Past in Perspective

Baba, why are daughters and sons not equal and alike in worth

If the daughter is older, you gnaw at her

Till she is reduced to the size of her brother

If the son is older,

then the daughter is reduced to a quarter, half, damaged.

–Nasreen Anjum Bhatti

 

Born in Quetta in 1943, Nasreen Anjum Bhatti was a bilingual poet, who wrote in both Urdu and Punjabi. In her poetry, she used entrenched Punjabi metaphors, styles, archetypes to produce a poetics of resistance against multiple structures of violence, be it the dominance of men, the exploitation of the poor or the dictatorship of General Zia’s regime. For example, when Zulfiqar Ali Bhutto was hanged in 1979, Bhatti wrote a very powerful, emotive poem titled “Me Bhutto Sagar Sindh Da” copying the style of Hafiz Barkhurdar’s Mirza Sahibaan.
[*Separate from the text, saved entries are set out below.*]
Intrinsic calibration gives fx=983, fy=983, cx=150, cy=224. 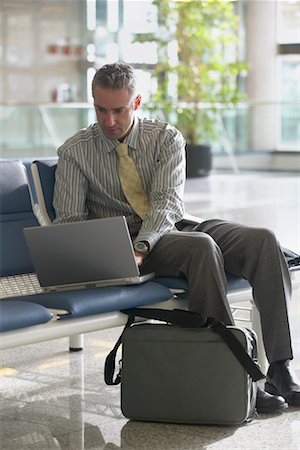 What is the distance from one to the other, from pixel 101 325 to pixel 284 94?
12.0 m

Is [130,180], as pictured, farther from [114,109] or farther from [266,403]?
[266,403]

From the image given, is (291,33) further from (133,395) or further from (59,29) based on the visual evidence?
(133,395)

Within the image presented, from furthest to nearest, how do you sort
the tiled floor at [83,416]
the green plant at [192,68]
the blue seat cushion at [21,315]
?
the green plant at [192,68]
the tiled floor at [83,416]
the blue seat cushion at [21,315]

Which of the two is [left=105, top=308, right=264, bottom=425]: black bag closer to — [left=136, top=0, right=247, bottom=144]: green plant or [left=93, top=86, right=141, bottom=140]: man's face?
[left=93, top=86, right=141, bottom=140]: man's face

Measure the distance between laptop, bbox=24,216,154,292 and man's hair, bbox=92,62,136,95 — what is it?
52 cm

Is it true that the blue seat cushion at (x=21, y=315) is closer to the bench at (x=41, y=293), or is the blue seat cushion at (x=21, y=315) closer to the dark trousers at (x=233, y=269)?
the bench at (x=41, y=293)

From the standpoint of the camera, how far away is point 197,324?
10.00ft

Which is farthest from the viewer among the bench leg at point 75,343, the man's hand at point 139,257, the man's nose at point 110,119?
the bench leg at point 75,343

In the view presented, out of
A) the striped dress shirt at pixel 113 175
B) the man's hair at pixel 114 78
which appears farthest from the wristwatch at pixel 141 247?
the man's hair at pixel 114 78

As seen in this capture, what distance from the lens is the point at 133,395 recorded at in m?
3.07

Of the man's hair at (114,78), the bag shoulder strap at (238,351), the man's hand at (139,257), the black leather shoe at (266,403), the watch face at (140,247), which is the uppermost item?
the man's hair at (114,78)

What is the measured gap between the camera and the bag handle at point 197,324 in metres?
2.97

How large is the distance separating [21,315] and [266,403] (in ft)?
2.87

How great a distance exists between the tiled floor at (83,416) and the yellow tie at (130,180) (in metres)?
0.66
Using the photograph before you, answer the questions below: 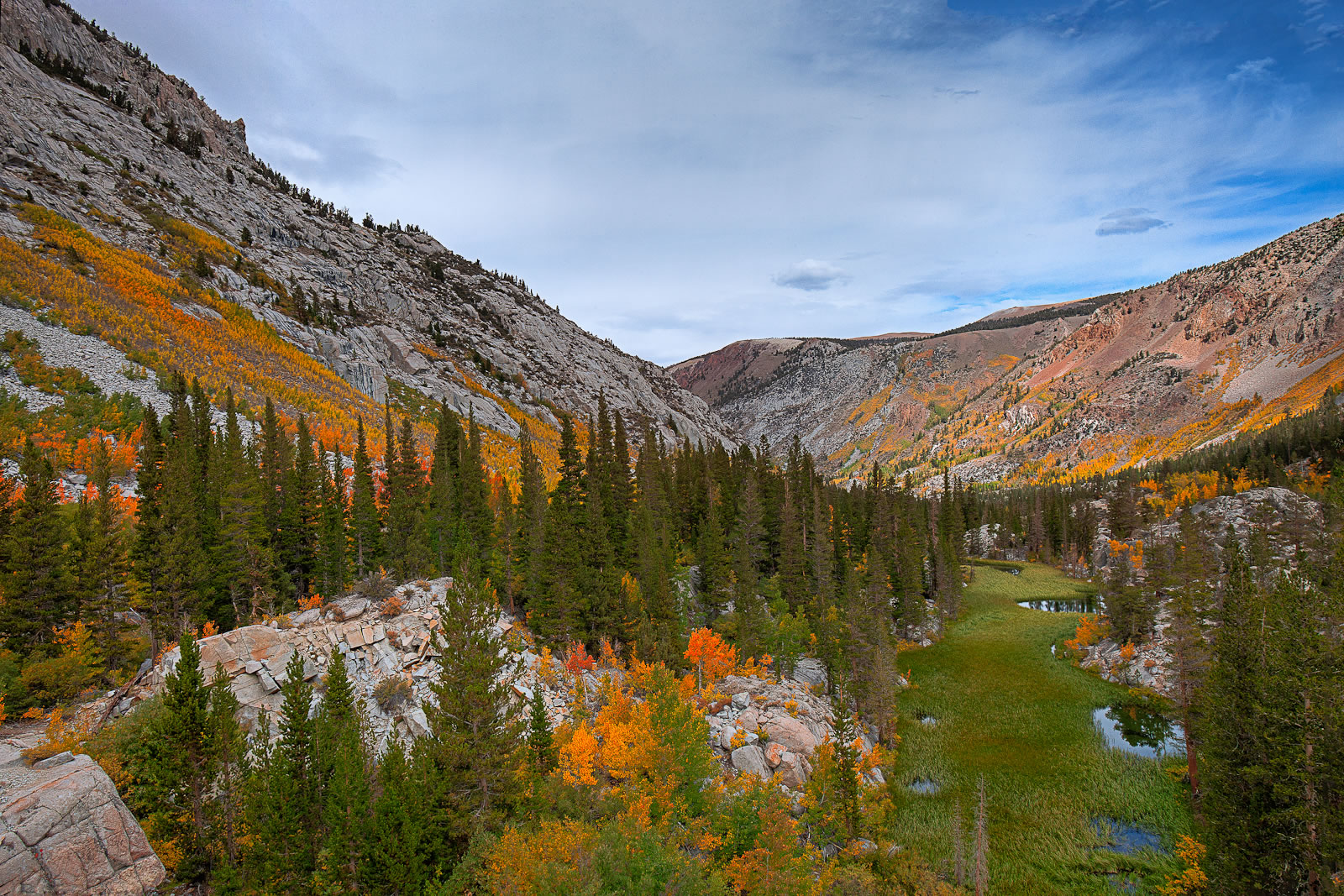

She was a staunch promoter of local languages and believed that the fullest expression of the self can only be achieved through one’s local language. She struggled financially in the last years of her life before dying in 2016.

Right from our birth, we are taught ideas about language, gender and state. This socialization numbs multiple other ways of apprehending, understanding reality. The profound poetic works of Bhatti therefore surprise/ teach/ humanize us by unearthing those alternative truths, apprehensions in their fullness for us.